NEWS
The Atlantic magazine makes Santa Fe stop as part of its across America tour
Event highlighted state’s connections to astronomy, space exploration
SANTA FE — The Museum of Indian Arts and Culture would normally be closed by 6 p.m. But on Wednesday night, small groups were still examining contemporary silver bracelets depicting the night sky, a more than 1,000-year-old bowl decorated with a swallow, and the image of an astronaut on the moon woven in a blanket.
“Makowa: The Worlds Above Us,” an exhibit that explores Indigenous relationships with the sky, opened in June and won’t close until September. The exhibit was highlighted this week as part of The Atlantic magazine’s 50-state tour.
“What is it that made you want to do this exhibit, specifically the way that you all have curated it?” Andrea Valdez, the magazine’s managing editor, asked exhibit co-curators Marlon Magdalena and Elisabeth Stone.
Often, Indigenous ways of knowing are juxtaposed with Western ways of knowing, Stone said, and they wanted to do the opposite in this exhibit. The curators tried to bring those two ways of knowing into conversation, which is part of the reason the exhibit is organized by time of day rather than chronologically.
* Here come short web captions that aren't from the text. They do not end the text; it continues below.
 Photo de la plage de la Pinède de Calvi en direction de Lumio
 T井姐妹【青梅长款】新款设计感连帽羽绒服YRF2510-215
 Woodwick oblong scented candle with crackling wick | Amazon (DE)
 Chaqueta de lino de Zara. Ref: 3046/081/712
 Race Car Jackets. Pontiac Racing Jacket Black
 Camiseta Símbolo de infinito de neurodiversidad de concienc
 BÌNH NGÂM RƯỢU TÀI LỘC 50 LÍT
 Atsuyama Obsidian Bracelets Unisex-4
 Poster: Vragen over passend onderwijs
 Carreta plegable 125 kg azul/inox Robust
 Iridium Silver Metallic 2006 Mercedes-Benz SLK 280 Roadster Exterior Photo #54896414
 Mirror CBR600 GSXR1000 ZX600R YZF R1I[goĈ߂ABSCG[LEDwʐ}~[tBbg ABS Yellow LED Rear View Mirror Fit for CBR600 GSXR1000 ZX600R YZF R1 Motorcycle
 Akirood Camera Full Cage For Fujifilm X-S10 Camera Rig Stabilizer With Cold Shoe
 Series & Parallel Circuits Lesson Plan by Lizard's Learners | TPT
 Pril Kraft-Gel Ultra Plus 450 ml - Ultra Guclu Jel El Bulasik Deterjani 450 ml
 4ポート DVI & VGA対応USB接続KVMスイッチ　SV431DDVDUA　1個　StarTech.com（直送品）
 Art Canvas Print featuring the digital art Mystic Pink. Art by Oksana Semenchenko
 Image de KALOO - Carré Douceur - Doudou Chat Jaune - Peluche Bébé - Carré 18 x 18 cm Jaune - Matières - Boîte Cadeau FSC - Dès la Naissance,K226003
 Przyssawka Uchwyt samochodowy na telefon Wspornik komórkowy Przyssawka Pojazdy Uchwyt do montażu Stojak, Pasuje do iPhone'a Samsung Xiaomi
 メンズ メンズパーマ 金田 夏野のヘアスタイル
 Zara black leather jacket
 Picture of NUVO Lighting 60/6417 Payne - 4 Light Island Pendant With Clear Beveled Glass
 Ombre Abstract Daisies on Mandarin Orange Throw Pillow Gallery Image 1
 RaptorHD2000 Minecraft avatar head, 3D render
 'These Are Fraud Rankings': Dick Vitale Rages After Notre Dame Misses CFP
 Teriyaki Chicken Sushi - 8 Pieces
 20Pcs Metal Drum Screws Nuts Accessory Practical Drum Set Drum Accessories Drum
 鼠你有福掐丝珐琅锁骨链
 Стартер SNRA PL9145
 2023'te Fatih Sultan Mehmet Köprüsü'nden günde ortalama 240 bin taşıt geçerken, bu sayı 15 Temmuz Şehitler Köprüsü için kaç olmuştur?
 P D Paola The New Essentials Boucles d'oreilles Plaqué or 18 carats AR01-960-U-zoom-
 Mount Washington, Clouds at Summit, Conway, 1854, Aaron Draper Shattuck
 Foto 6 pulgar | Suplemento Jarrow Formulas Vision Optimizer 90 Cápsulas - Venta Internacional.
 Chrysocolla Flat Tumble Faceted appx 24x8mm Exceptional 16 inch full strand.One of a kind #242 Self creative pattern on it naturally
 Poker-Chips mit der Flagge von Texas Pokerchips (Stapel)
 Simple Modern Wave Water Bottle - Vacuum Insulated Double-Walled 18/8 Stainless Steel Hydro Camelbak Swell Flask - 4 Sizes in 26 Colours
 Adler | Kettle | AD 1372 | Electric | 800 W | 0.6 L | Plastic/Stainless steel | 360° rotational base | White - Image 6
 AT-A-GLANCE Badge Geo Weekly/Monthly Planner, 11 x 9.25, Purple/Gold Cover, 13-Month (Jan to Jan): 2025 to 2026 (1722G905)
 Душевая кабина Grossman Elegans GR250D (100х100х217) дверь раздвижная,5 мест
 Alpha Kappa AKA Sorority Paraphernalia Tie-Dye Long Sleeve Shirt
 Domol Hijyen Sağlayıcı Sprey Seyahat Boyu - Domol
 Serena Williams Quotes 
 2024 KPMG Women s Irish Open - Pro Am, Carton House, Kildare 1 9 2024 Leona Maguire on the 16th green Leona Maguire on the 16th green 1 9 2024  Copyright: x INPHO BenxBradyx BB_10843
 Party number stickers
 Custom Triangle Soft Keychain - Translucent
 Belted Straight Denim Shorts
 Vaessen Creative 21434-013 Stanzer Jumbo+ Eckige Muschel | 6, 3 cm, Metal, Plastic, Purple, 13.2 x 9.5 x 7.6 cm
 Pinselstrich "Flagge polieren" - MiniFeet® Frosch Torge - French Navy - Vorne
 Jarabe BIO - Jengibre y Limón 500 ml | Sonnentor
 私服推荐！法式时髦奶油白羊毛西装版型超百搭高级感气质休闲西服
“We wanted to say, this is a conversation we all have, and we have it in Western science; we have it in Indigenous science. We have it in our stories and all of our cultures,” Stone said.
New Mexico was the third stop in a series of The Atlantic events meant to “surface and engage with the most urgent, complex, and distinctly American questions of the moment in the places where they are unfolding,” according to the event description.
And what is unfolding urgently in New Mexico?
Space, and how to explore it.
New Mexico does have a rich relationship to the stars. The Land of Enchantment is home to ancient astronomy, reflected in the architecture of sites like Chaco Canyon, and home to the largest collection of radio dishes listening to the stars — the Very Large Array in Socorro County. The man who discovered Pluto, astronomer Clyde Tombaugh, was a Las Cruces resident, a city near Spaceport America — a business that promises to be the future of space tourism.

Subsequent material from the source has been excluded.